Moving between English and French, Swimming Pool is a fascinating character study of two people who are very comfortable in the personas that they choose to reveal to one another, yet completely out of their comfort zone when needing some real support. Both also have an arrogance about them, but for different reasons. Rampling has her assumed position of superiority simply by being older, and a polite Brit, while Sagnier has youth and a lack of care for any consequences, for most of the runtime anyway.

Rampling is excellent in the role of Sarah, as is Sagnier with her embodiment of Julie. Both leads skirt perilously close to their characters being completely unsympathetic, yet they manage to keep you watching as things develop between them into what could be a friendship, if no other agendas cause it to become unbalanced.
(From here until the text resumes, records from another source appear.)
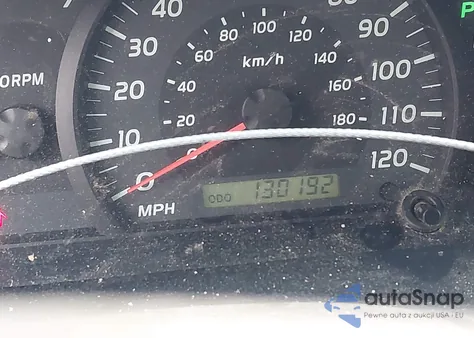 2006 Toyota Tundra Limited V8 из США, поврежденный, VIN 5TBDT48176S512561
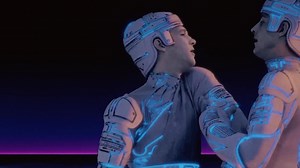 Watch 'Did we make it? Yeah. Hooray for our side.' | Tron Clip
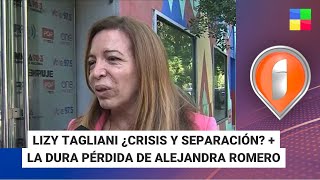 El dolor de Alejandra Romero + Rottemberg + Lizy Tagliani #Intrusos | Programa completo (19/02/24)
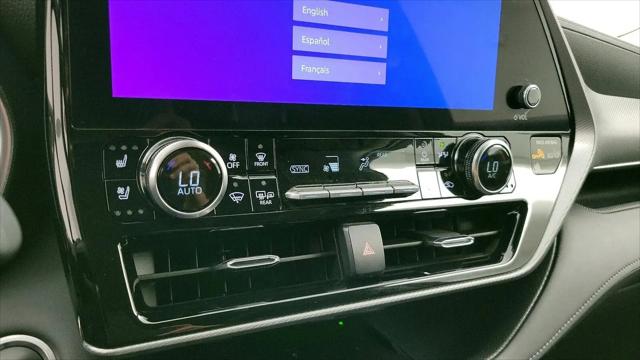 2024 Toyota Highlander Platinum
Jean-Marie Lamour is Franck, a man who ends up inadvertently caught between the two women for an evening, and he also does a great job. Dance is only really in the movie for the start and end, bookending things with moments that show a big difference in the dynamic between himself and Rampling's character.

Although it takes a while to find its feet, Swimming Pool turns into something riveting and thought-provoking, especially when you get to a final scene that leaves things enjoyably ambiguous. It's about tapping in to your innermost desires and impulses as you try to access your creative side, it's about allowing yourself the freedom to just enjoy the company of others (good conversation, some dancing, a healthy helping of sex). It's even about just becoming someone else for the duration of your holiday in a foreign country, letting the mix of hot sunshine and cool water help you to view yourself as someone a bit steamier than usual.

Fans of Ozon will know that so many of his movies revolve around the idea of identity, what people can discover about others, what they can discover about themselves, and Swimming Pool is in line with his preferred thematic exploration. There may be a number of characters here, but it's all about Sarah discovering some other parts of Sarah.